Restricted Stock Agreement
This Restricted Stock Award Agreement (this “Agreement”) is made and entered into as of _______, 2017 (the “Grant Date”) by and between Muscle Maker, Inc, a California corporation (the “Company”), and __________, as [employee/consultant] (the “Grantee”).
WHEREAS, the Company’s Board of Directors (the “Board”) has determined that it is in the best interests of the Company and its shareholders to grant the award of Shares (defined below) provided for herein.
NOW, THEREFORE, the parties hereto, intending to be legally bound, agree as follows:
1. Grant of Shares. The Company hereby issues to the Grantee on the Grant Date a restricted stock award under the Corporation’s 2017 Stock Option and Stock Issuance Plan (the “Plan”) consisting of, in the aggregate, _________ shares (post 7-for-1 reverse split shares) of common stock, no par value per share (the “Common Stock”), of the Company at a value of $_______ per share (the “Shares”), on the terms and conditions and subject to the restrictions set forth in this Agreement and the Plan.

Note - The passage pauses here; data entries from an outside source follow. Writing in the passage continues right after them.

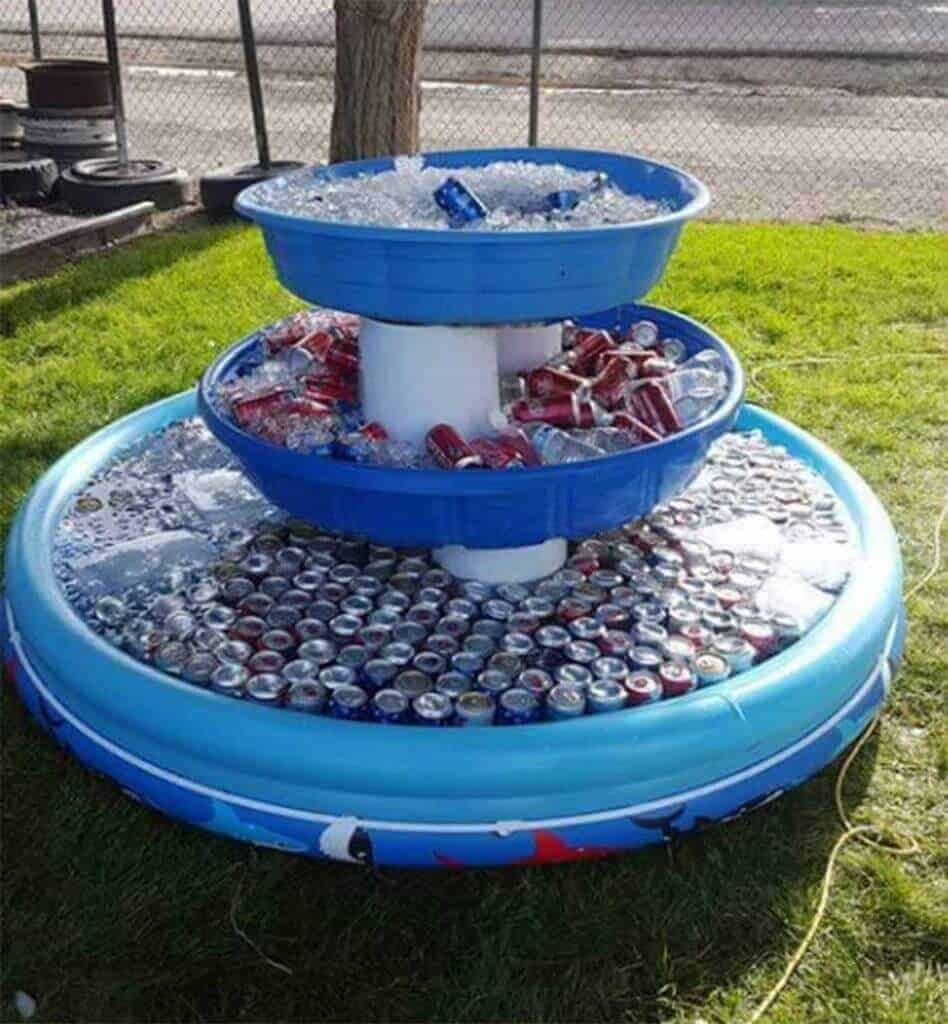 Genius way to serve drinks at an outdoor party or barbecue and tons of other great party hacks and tips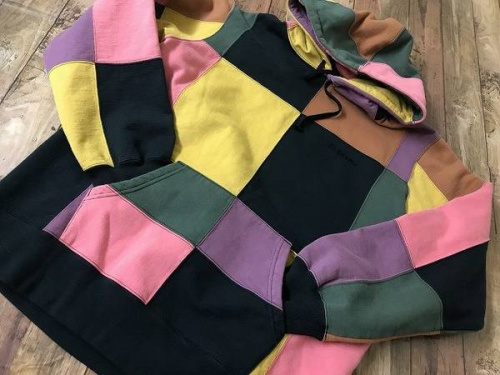 シュプリームのSUPREME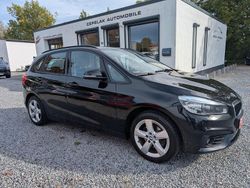 Schwarz Gebraucht 2017 BMW 218 Advantage Kombi | 13.990 € (Fairer Preis)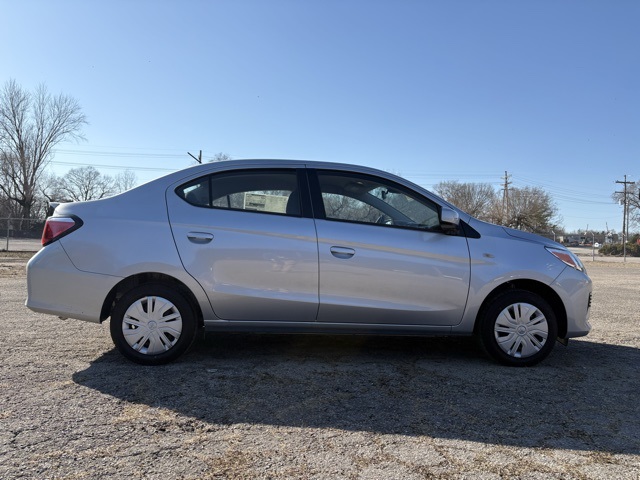 Vehicle image 4 of 32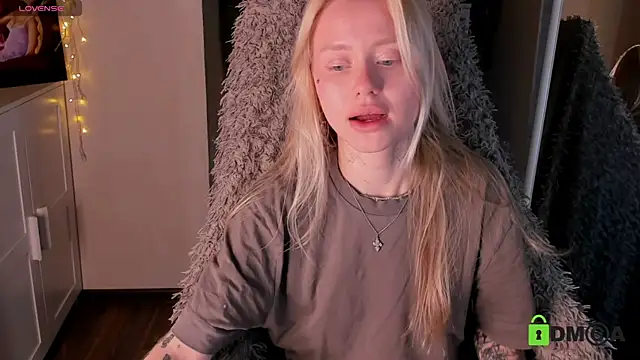 MalenaErnman online show from 09/30/25, 08:52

2. Consideration. The grant of the Shares is made in consideration of the services already rendered and to be rendered by the Grantee to the Company as [an employee/a consultant] of the Company.
3. Restricted Period; Vesting.
3.1 Except as otherwise provided herein, provided that the Grantee remains in Continuous Service (as defined below) through the applicable vesting date, the Shares will vest as follows:
_______% on the Grant Date;
_______% on _______, 201_;
_______% on _______, 201_;
_______% on _______, 201_; and
_______% on _______, 201_.
For purposes of this Agreement, “Continuous Service” shall mean the Grantee remaining as [an employee/a consultant] of the Company.
The period over which the Shares vest is referred to as the “Restricted Period”.
3.2 The foregoing vesting schedule notwithstanding, if the Grantee’s Continuous Service terminates for any reason at any time before all of his Shares has vested, the Grantee’s unvested Shares shall be automatically forfeited upon such termination of Continuous Service and neither the Company nor any affiliate shall have any further obligations to the Grantee under this Agreement.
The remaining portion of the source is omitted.